WORK ORDER
Beginning at the line that contains "В аренду: $8,000", repeat each line exactly through the last one of the records below, and leave out the pictures.

= Beginning of Section =

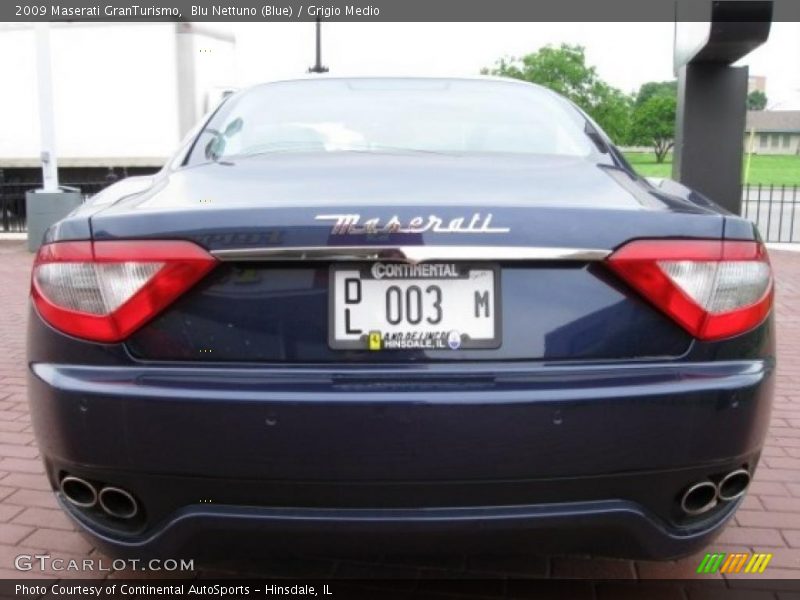 Blu Nettuno (Blue) / Grigio Medio 2009 Maserati GranTurismo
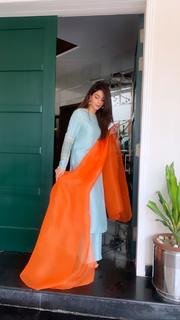 Saba Qamar feet photo thumbnail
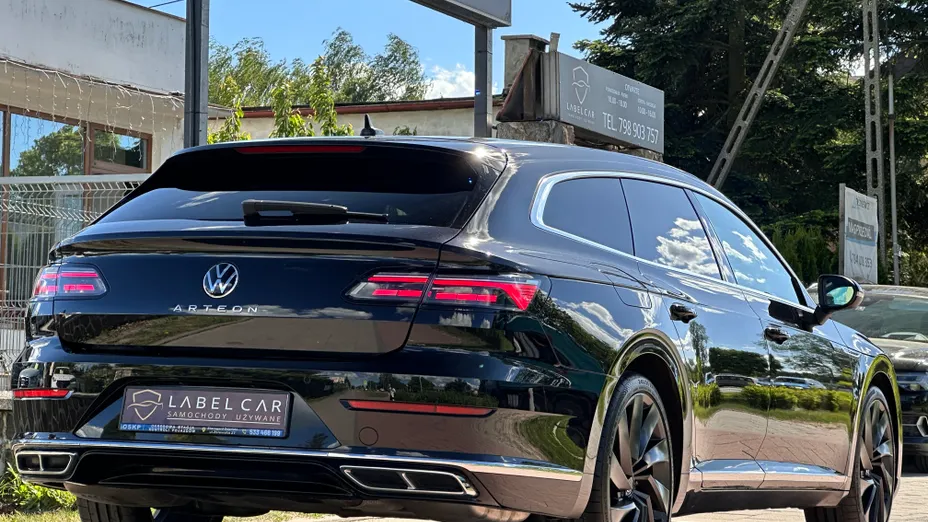 VOLKSWAGEN Arteon Arteon 2.0 TSI R-Line DSG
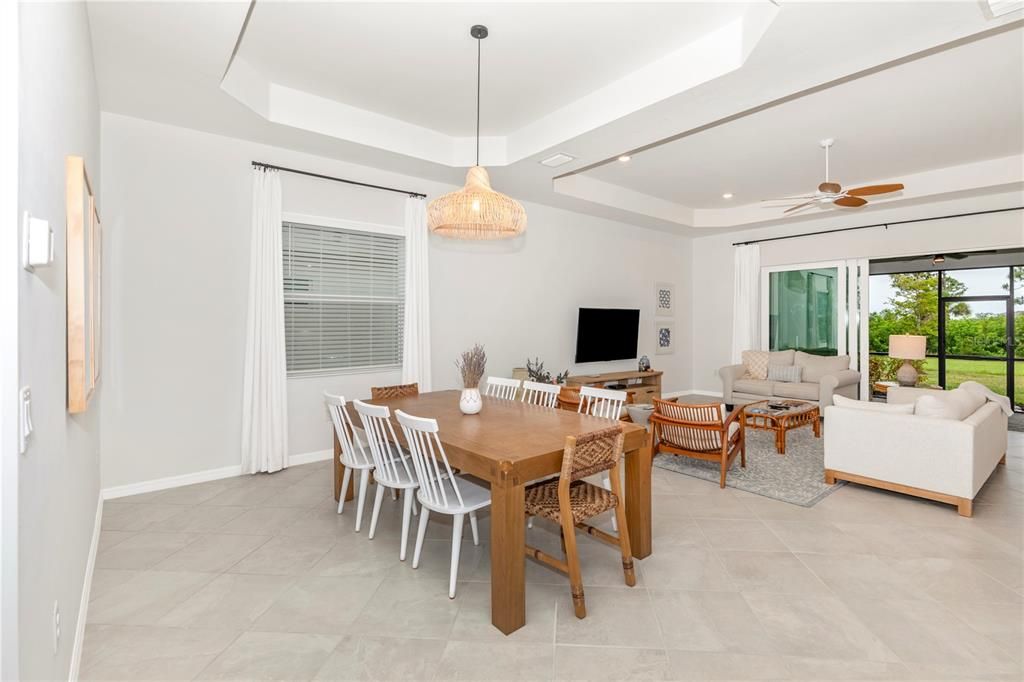 В аренду: $8,000 (3 спален, 3 ванн, 2247 Квадратных фут)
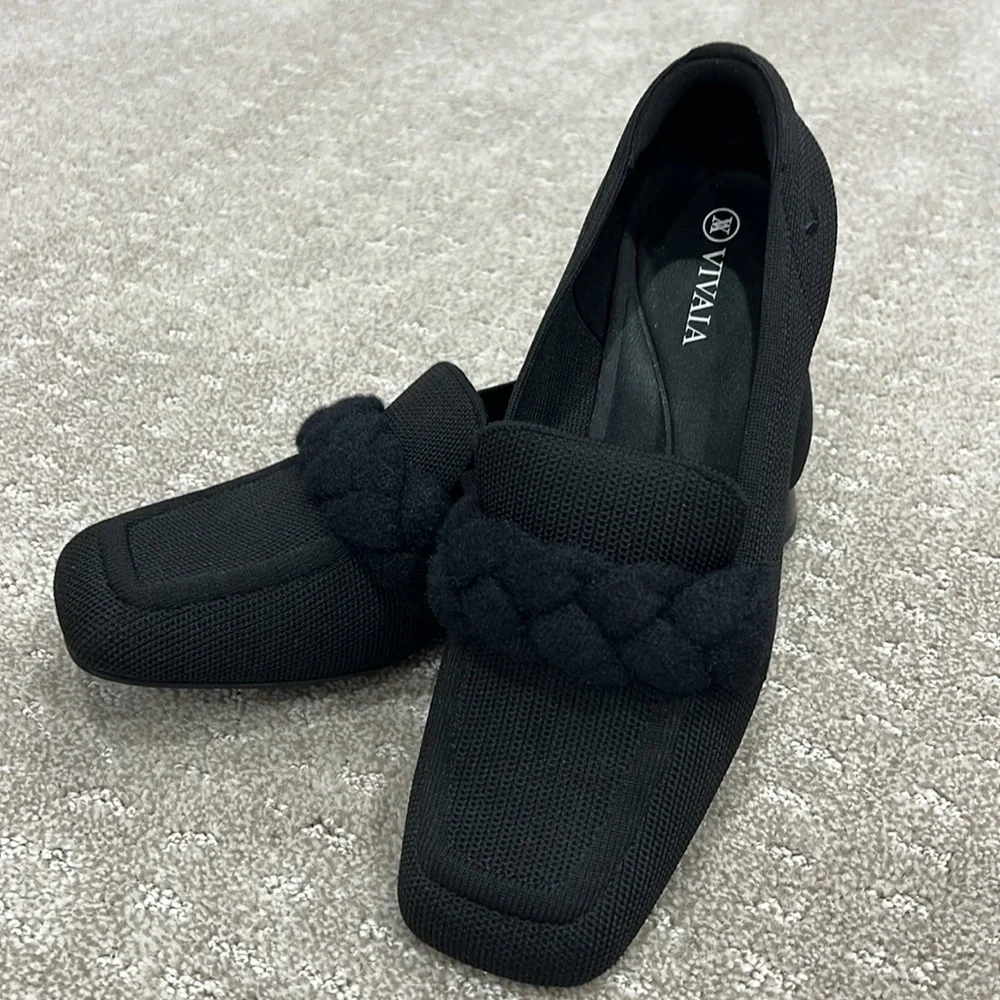 Vivaia square toe block heel loafer - pristine.  Size 9 - Picture 12 of 12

= End of Section =

ANSWER BOX
 В аренду: $8,000 (3 спален, 3 ванн, 2247 Квадратных фут)
 Vivaia square toe block heel loafer - pristine.  Size 9 - Picture 12 of 12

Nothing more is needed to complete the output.